Base Rate Neglect(or)

In Thinking Fast and Slow, Daniel Kahneman writes about the planning fallacy. He’s in a group of professors tasked with writing a textbook. Each proposes a timeline. Each is confident. These are well-established professors after all.

But then Kahneman asks a group member who actually contributed to a textbook: How long did that take? Hmm, he thinks, never less than our longest guess.

It’s a ‘textbook’ planning fallacy. We error to optimism. Michael Mauboussin thinks of a home remodel. The neighbor’s project has delays and cost overruns but ours?

I know this. I’ve written about this for more than seven years. I make this mistake.

Our daughter’s high school is planning choir trips. The possibilities include Pigeon Forge, New York City, and Northeast Ohio.

Ohio, I exclaimed, that really stands out.

Yeah, my oldest said, we might go to Cedar Point.

Cedar Point? That’s awesome! How is that on your teacher’s radar?

Maybe, my wife said, he’s from Ohio or a member of the coaster club.

Oh, I said, If you’re going to Cedar Point I bet he’s a member of a coaster club.

I started with my inside view. Another approach is starting with the outside information and shifting from there: Kahneman’s textbook author, Mauboussin’s neighbor.

I grew up in Cedar Point. We know people in coaster clubs.

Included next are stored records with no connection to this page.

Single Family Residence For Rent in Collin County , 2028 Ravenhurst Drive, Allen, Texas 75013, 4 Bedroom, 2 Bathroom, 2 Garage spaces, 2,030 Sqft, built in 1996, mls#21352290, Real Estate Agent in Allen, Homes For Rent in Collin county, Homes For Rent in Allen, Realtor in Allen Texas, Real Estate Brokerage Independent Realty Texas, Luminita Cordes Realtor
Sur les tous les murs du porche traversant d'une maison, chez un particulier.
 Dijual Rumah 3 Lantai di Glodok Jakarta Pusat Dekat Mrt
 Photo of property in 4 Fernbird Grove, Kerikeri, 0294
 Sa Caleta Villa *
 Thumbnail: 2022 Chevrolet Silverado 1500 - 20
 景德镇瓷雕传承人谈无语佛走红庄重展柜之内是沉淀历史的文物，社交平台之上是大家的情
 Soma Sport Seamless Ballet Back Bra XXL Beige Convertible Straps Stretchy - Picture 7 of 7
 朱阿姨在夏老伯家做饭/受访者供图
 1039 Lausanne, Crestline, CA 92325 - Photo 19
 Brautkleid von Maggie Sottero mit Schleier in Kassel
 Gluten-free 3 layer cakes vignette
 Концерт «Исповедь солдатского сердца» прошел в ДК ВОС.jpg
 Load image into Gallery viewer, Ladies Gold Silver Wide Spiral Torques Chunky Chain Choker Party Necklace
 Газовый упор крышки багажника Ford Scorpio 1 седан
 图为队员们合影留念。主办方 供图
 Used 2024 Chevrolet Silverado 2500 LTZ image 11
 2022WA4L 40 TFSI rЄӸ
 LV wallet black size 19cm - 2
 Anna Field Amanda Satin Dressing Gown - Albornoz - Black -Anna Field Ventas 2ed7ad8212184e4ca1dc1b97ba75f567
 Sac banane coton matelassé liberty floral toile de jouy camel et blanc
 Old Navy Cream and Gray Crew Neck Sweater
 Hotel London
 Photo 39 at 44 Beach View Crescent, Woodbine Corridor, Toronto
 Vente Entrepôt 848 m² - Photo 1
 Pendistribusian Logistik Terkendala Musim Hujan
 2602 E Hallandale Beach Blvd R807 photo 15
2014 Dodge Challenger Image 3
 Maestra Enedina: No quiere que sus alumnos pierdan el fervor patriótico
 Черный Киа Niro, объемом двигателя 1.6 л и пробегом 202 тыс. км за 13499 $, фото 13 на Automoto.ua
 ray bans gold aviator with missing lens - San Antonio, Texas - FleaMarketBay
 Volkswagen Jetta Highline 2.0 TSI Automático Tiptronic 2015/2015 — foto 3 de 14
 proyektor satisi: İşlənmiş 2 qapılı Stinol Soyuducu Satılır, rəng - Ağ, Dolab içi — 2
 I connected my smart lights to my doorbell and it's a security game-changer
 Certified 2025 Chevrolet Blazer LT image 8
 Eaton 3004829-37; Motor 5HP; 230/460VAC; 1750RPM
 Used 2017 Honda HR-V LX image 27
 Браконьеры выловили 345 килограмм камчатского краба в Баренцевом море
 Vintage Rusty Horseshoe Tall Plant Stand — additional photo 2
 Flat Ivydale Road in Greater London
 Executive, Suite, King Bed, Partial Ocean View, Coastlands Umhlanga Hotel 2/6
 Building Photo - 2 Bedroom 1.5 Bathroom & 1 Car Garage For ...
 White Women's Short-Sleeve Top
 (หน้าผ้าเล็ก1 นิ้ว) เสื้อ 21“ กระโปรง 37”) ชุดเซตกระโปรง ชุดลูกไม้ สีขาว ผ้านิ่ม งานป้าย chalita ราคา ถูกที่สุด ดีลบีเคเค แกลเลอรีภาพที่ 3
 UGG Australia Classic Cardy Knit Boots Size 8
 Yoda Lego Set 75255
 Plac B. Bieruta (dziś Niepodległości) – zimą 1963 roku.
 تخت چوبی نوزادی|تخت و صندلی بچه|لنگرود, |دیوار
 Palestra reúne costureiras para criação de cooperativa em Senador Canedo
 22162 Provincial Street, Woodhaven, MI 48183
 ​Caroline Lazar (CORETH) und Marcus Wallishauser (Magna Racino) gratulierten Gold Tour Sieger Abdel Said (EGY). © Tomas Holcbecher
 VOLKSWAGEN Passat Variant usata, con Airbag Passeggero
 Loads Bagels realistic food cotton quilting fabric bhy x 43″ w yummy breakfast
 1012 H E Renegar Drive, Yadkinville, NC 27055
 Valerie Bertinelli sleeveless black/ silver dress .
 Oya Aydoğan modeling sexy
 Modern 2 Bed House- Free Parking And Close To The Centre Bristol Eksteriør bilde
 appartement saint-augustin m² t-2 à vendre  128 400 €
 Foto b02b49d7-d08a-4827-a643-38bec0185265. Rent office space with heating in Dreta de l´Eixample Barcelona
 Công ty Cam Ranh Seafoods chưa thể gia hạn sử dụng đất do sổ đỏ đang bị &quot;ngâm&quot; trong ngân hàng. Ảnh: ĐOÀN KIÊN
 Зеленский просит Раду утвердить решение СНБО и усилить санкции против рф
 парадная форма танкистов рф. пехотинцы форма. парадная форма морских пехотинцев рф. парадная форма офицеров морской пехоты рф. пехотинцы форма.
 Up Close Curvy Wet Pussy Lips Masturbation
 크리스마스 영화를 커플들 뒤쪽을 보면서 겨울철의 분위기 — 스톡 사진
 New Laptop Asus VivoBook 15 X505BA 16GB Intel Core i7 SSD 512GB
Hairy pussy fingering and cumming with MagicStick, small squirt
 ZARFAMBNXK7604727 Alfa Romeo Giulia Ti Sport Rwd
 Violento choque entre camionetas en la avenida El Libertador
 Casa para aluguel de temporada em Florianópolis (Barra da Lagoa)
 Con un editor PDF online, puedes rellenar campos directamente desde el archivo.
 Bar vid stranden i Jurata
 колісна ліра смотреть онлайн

That was my inside information. Upon inspection, it looks like <10,000 people are members of such clubs.

But 16,000-30,000 people leave Ohio for Florida each year.

Thinking in base rates (or like Fermi) prevents my error. Are there more people from Ohio who move to Florida than people in coaster clubs?

Change the framing, change the process.

I can still hear the ‘thank you for visiting America’s roller coast’ before clacking up the Magnum hill, feeling excited, enjoying the view and the breeze, marveling that something so tall can be so narrow, and feeling my stomach lift through my torso.